Human bocavirus (HBoV) was recently described as a new member of the Parvoviridae family, and its possible association with respiratory illness in infants has been discussed. To date, HBoV genomes have been detected worldwide in respiratory tract samples obtained from children with pulmonary diseases, whereas only limited data on virus-specific immunity are available, mainly because of the lack of recombinant viral antigens.Methods.
HBoV viruslike particles (VLPs) were produced in insect cells and characterized by electron microscopy and cesium chloride gradient centrifugation. HBoV viral protein 2 (VP2)-specific antibodies and CD4+ T helper cell responses were analyzed by enzyme-linked immunsorbent assay and enzyme-linked immunospot assay.Results.

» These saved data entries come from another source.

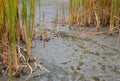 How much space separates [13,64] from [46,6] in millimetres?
3234

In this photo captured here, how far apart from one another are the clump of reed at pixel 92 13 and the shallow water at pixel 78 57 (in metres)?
0.18

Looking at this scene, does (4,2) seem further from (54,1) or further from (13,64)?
(54,1)

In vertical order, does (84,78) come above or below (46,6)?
below

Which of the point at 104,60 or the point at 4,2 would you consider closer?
the point at 4,2

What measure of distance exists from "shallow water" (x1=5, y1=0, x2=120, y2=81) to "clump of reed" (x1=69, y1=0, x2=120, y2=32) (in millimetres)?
181

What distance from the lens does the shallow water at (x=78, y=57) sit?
187 cm

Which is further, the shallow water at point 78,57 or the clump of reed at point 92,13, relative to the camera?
the clump of reed at point 92,13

VP2 capsid proteins of HBoV were produced in insect cells infected with a recombinant baculovirus, and the formation of icosahedral VLPs (diameter, 21-25 nm; sedimentation density, 1.33 g/cm3) was demonstrated. A significant increase in secretion of VP2-specific interferon-γ was detected in cultures of peripheral blood mononuclear cells obtained from 69 healthy adults found to be positive for HBoV-specific immunoglobulin G antibodies, compared with control stimulations. In parallel, T cell responses against identically expressed parvovirus B19 VP2 VLPs were frequently observed in the individuals studied, without there being obvious cross-reactions between HBoV and parvovirus B19.Conclusions.
Data suggest the presence of HBoV-specific immune responses in adults and strongly support a high prevalence of HBoV among humans.